Turning your room over to prepare for the next patient can feel somewhat like a pit crew experience. However, this procedure is crucial for the safety of everyone entering the operatory. After dismissing the patient, returning to the operatory must be seen as a field of numerous pathogens waiting to infect anyone in their path. Cleaning and disinfecting should be considered as important as sterilizing instruments and wearing Personal Protective Equipment (PPE).
Most offices use disposable barriers for surfaces such as light handles, air/water syringes, suction apparatus, headrest/chair, and computer mouse/keyboard. These barriers are simple to remove and replace, but what about all the other contaminated surfaces? When it comes to a surface disinfectant, look for these characteristics.
- Tuberculocidal- not only will this level of disinfectant kill TB, but it will also be effective against a wide range of pathogens such as HIV and HBV.

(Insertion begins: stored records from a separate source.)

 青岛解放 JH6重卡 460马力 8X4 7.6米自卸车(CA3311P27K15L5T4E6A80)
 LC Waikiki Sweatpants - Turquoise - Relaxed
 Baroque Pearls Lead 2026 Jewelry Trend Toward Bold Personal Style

- Cleaner and Disinfectant- The same product should serve as a cleaner and disinfectant. A surface must be cleaned first, or it can’t be disinfected properly
- Must possess rapid contact (kill) time
- Excellent surface compatibility- must be compatible with multiple surfaces while not discoloring, staining, corroding, or producing other damage
- Must feature low-toxicity and be fragrance-free, and not be likely to cause allergies
- Must not require rinsing or leave a residue. Easy storage and satisfactory shelf-life is also essential
It’s very important to follow the manufacturers directions because failing to do so can cause the active ingredients in the disinfectant to become deactivated. If in doubt, your dental representative can offer suggestions and answer questions.